:: Task input ::
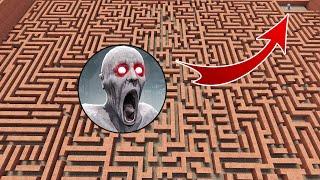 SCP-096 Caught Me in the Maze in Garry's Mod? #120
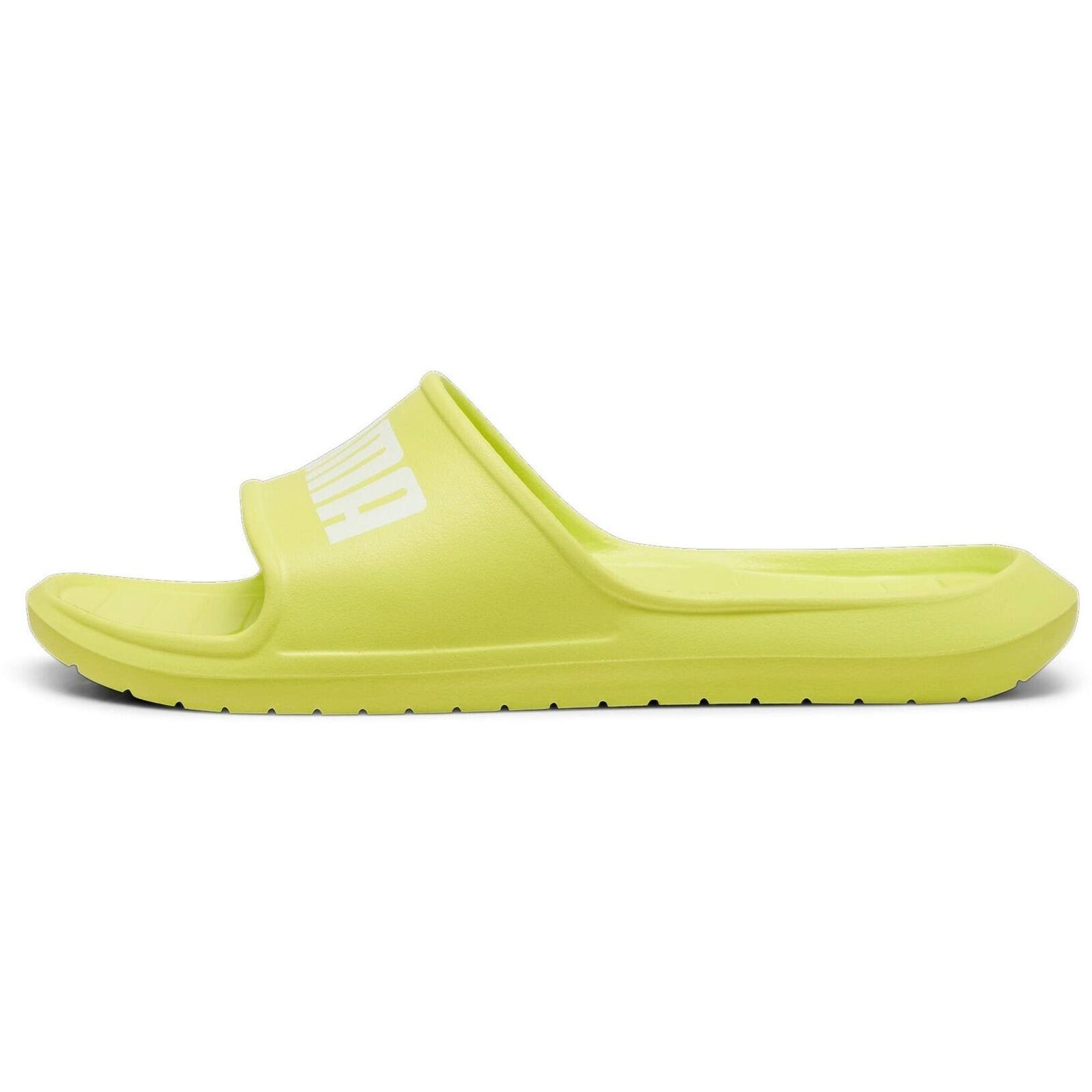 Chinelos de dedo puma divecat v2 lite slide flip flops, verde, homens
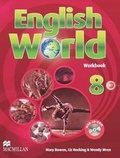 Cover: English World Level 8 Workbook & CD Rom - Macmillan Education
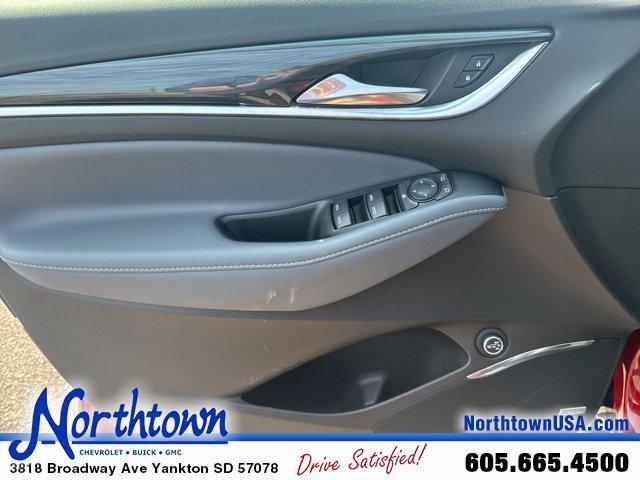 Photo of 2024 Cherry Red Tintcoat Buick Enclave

==

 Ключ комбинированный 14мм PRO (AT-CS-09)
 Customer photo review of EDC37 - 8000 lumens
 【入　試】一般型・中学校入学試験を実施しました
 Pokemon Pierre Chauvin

:: Directions for this task ::
What do the entries above read from the line containing "SCP-096 Caught Me" through the line containing "Photo of 2024"? Output those lines exactly, both ends included, with the pictures left out.

:: Response area ::
 SCP-096 Caught Me in the Maze in Garry's Mod? #120
 Chinelos de dedo puma divecat v2 lite slide flip flops, verde, homens
 Cover: English World Level 8 Workbook & CD Rom - Macmillan Education
 Photo of 2024 Cherry Red Tintcoat Buick Enclave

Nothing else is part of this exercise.